All my dogs are a bit obsessed with the baby goats. I have one that sounds like yours. She loves them but she's also a dork and at times thinks she can play with them. I've had her a year and she has calmed down on the playing because she gets scolded over it. I still don't 100% trust her to just be with babies but I feel better about it. The only thing I can't get threw her head is that their mothers are their mothers, just because they hate you doesn't mean they are going to harm the kids


----------



## PurpleToad (Feb 14, 2016)

Jessica84 said:


> All my dogs are a bit obsessed with the baby goats. I have one that sounds like yours. She loves them but she's also a dork and at times thinks she can play with them. I've had her a year and she has calmed down on the playing because she gets scolded over it. I still don't 100% trust her to just be with babies but I feel better about it. The only thing I can't get threw her head is that their mothers are their mothers, just because they hate you doesn't mean they are going to harm the kids


I don't let her out with them unsupervised. When I do let her out she runs right to the laundry room and starts sniffing them through the wire crate they are currently kept in and her entire butt just wiggles with excitement the entire time. I'll just keep an eye on her and maybe when they're bigger and outside I can work on introducing them with the goats wandering around and the dog on leash.


----------



## toth boer goats (Jul 20, 2008)

I agree, do not allow them to be unsupervised.


----------



## PurpleToad (Feb 14, 2016)

toth boer goats said:


> I agree, do not allow them to be unsupervised.
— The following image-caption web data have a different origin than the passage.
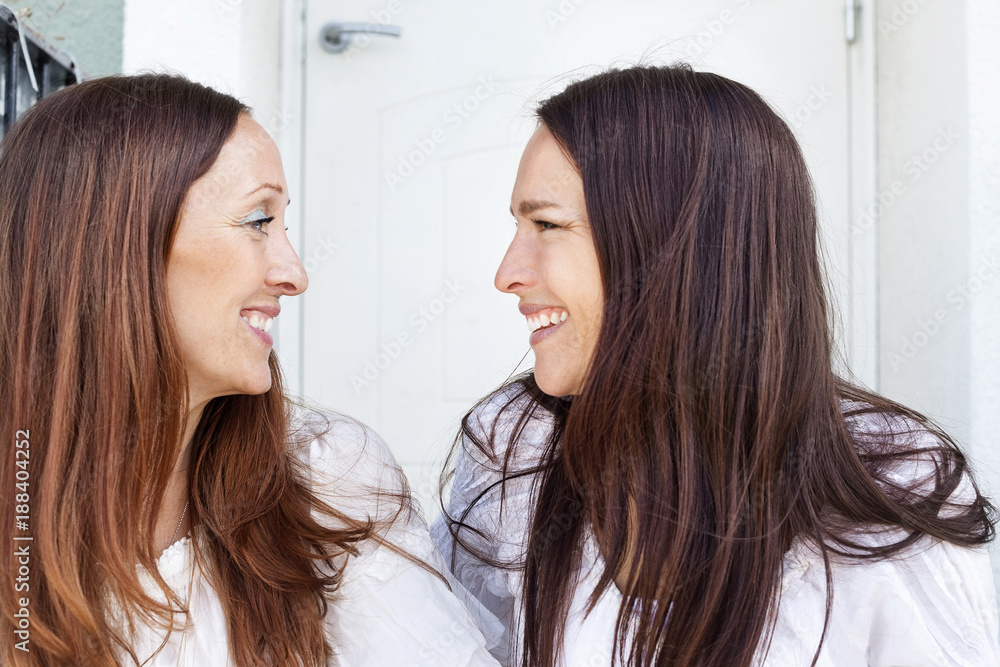 Two brunettes looking at each other and smiling Two brunettes looking at each other and smiling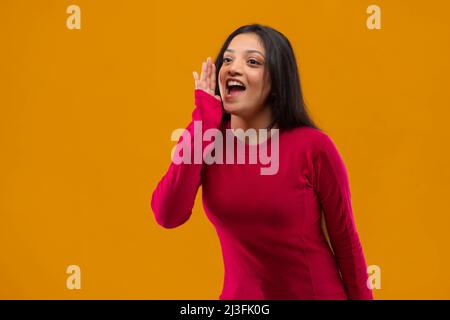 Giovane donna che grida e chiama qualcuno lontano Foto Stock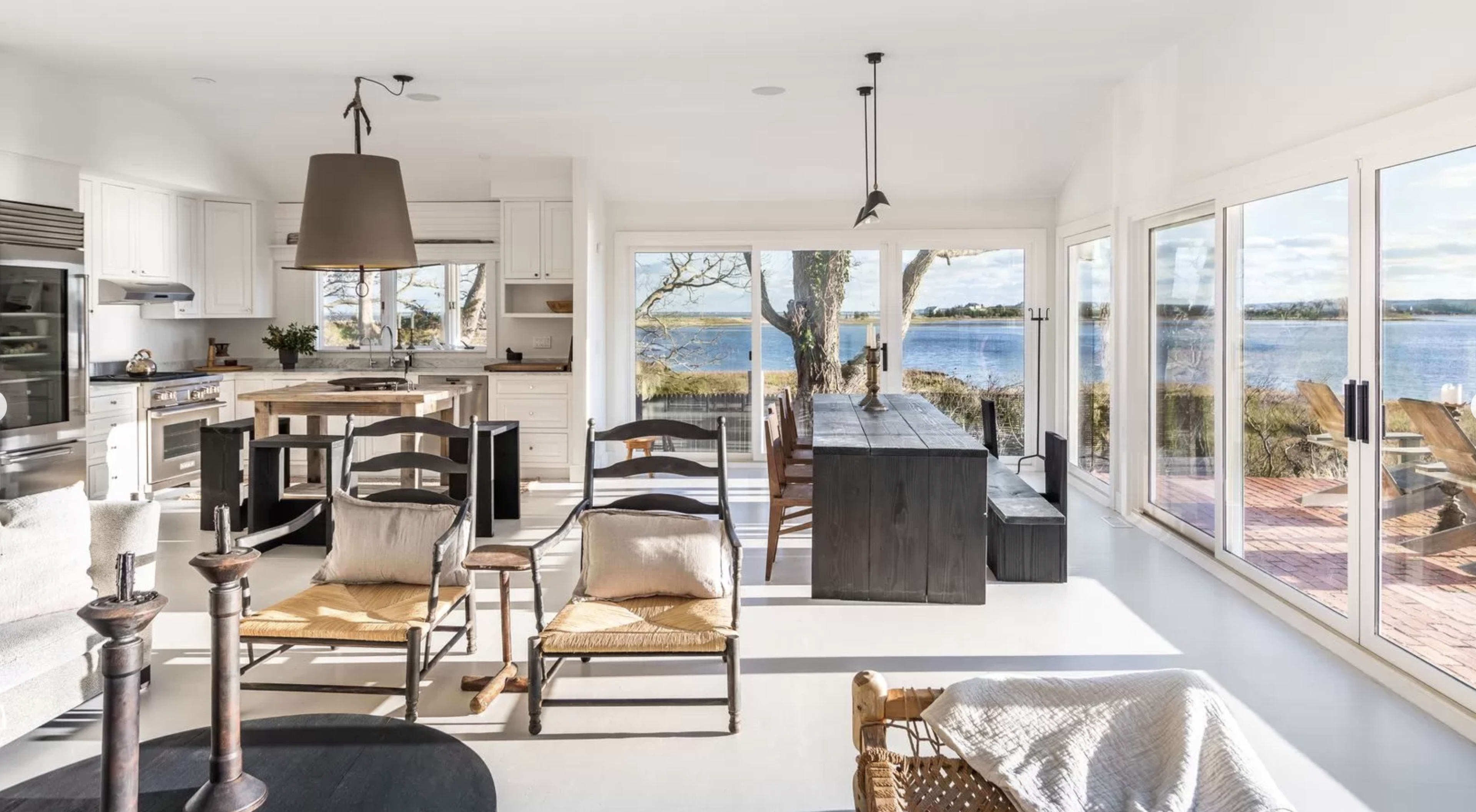 A bright, modern living space features a kitchen, dining area, and large windows that offer a view of the water.
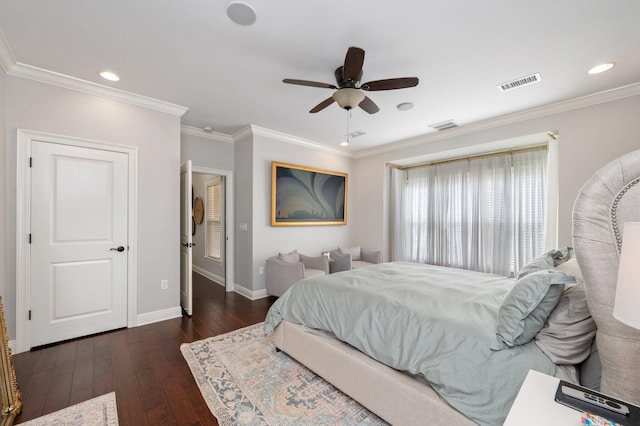 bedroom featuring baseboards, crown molding, visible vents, and dark wood-type flooring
If there is ever an instance where they HAVE to be out together I'll try to make sure my dog has her harness on. She doesn't hate it but it does work to calm her down tremendously. We put it on when company comes over and she calms down a lot.


----------



## Jessica84 (Oct 27, 2011)

I would let her check them out while you are around. Let her start learning biting and rough play is a 'NO' while you are around. That way say she gets out while your gone one day it's not going to be this new toy for her, if that makes sense. 
I have two rabbits in cages in the house. My one dog would sit there for hours just watching them. So I took them out and yeah she tried to chase them and she got in trouble, then she really got up close and personal checking them out and now, because she likes them will check in with them but it's not this obsession to really check them out


----------



## PurpleToad (Feb 14, 2016)

Jessica84 said:


> I would let her check them out while you are around. Let her start learning biting and rough play is a 'NO' while you are around. That way say she gets out while your gone one day it's not going to be this new toy for her, if that makes sense.
> I have two rabbits in cages in the house. My one dog would sit there for hours just watching them. So I took them out and yeah she tried to chase them and she got in trouble, then she really got up close and personal checking them out and now, because she likes them will check in with them but it's not this obsession to really check them out


When we leave she is put in her pen which is in our bedroom. It's also where she sleeps at night. It's a newer model of the pen we've got the goats in and so far it's held up to Tux's head-butting. So yeah we're letting her have limited interactions with them at this point.


----------